[HN Gopher] Intel Gaudi 3 the New 128GB HBM2e AI Chip in the Wild
       ___________________________________________________________________
        
       Intel Gaudi 3 the New 128GB HBM2e AI Chip in the Wild
        
       Author : rbanffy
       Score  : 116 points
       Date   : 2024-04-22 15:56 UTC (7 hours ago)
        
 (HTM) web link (www.servethehome.com)
 (TXT) w3m dump (www.servethehome.com)
        
       | loudmax wrote:
       | The "in the wild" part of the title is misleading. These chips
       | are being presented in a very controlled environment.
       | 
       | An interesting aspect of Intel's design is they use Ethernet for
       | connectivity. If they can get the performance on par with NVLink,
       | that by itself could be a win because everybody knows how to
       | manage Ethernet. Very few people know how to manage an NVLink
       | network.
       | 
       | To be clear, this is data center hardware. The lower power
       | versions of these cards consume like 600W, and no mention in the
       | article on pricing.
        
         | benreesman wrote:
         | I agree that it's misleading to act like this is a product in
         | market, we don't _really_ even know if the yield will happen.
         | 
         | But it's a serious thing if it happens.
        
         | foobiekr wrote:
         | Very few people actually know how to provision and manage a
         | lossless Ethernet fabric and I'd wager someone who had
         | literally never touched infiniband would have an easier time
         | accomplishing it from zero with IB than with Ethernet on real
         | vendor gear.
         | 
         | Ethernet has so, so many gotchas. Maybe if it was a layer 3
         | only network it would work.

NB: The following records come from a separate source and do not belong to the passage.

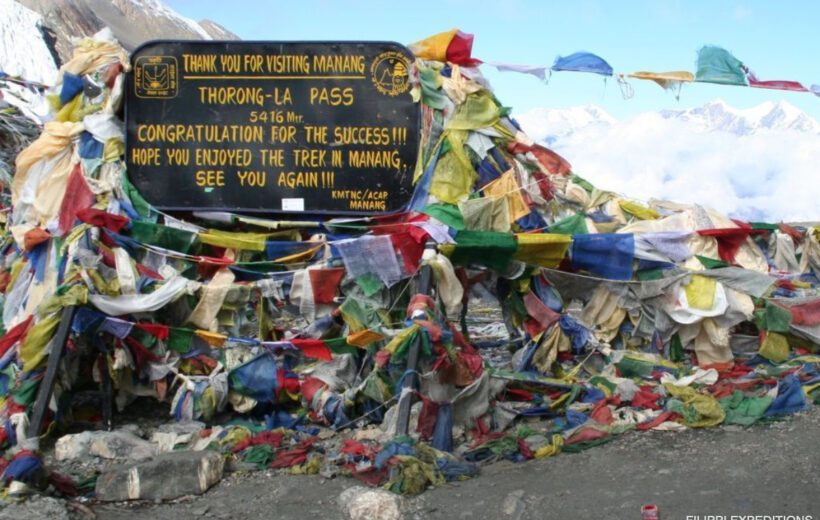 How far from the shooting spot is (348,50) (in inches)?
357

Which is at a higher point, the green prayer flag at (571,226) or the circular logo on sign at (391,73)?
the circular logo on sign at (391,73)

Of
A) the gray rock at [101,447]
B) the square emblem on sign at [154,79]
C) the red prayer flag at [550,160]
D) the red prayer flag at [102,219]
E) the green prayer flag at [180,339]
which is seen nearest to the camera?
the gray rock at [101,447]

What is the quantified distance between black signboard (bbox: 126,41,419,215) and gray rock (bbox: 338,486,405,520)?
3.19m

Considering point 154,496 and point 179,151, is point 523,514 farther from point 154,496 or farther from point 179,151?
point 179,151

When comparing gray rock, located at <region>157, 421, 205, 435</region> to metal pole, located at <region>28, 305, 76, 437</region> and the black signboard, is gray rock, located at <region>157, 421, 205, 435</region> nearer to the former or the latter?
metal pole, located at <region>28, 305, 76, 437</region>

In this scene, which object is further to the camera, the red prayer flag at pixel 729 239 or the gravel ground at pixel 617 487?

Maybe.
        
           | alfalfasprout wrote:
           | I'm guessing it's RDMA over ethernet too which often has a
           | lot of gotchas depending on the exact hardware being used.
        
             | epistasis wrote:
             | Ironically enough, since NVIDIA bought Mellanox, it's
             | likely that the best documented route to get ROCE v2 going
             | is with switches purchased from NVIDIA...
             | 
             | Edit: and yes, it's RDMA over ethernet https://docs.habana.
             | ai/en/latest/Gaudi_Overview/Gaudi_Archit...
        
         | dogma1138 wrote:
         | You don't need to manage NVLink.
         | 
         | NVLink either talks native NVlink to itself when you are using
         | NVlink switches either intra-server or intra-rack or;
         | 
         | It can talk PCIe over NVlink when talking to a PCIe endpoint.
         | 
         | Or you can run Infiniband or Ethernet on top of it and talk to
         | w/e is on the other side.
         | 
         | Gaudi isn't that different remember Ethernet != TCP/IP.
        
           | dboreham wrote:
           | So it works with Ethernet switches?
        
             | dogma1138 wrote:
             | What does?
        
         | latchkey wrote:
         | > An interesting aspect of Intel's design is they use Ethernet
         | for connectivity.
         | 
         | Interestingly, tenstorrent is doing something similar with
         | their wormhole cards.
         | 
         | I'm not convinced yet that it is the right way to go. If the
         | switching fabric on the card fails, you lose the whole card.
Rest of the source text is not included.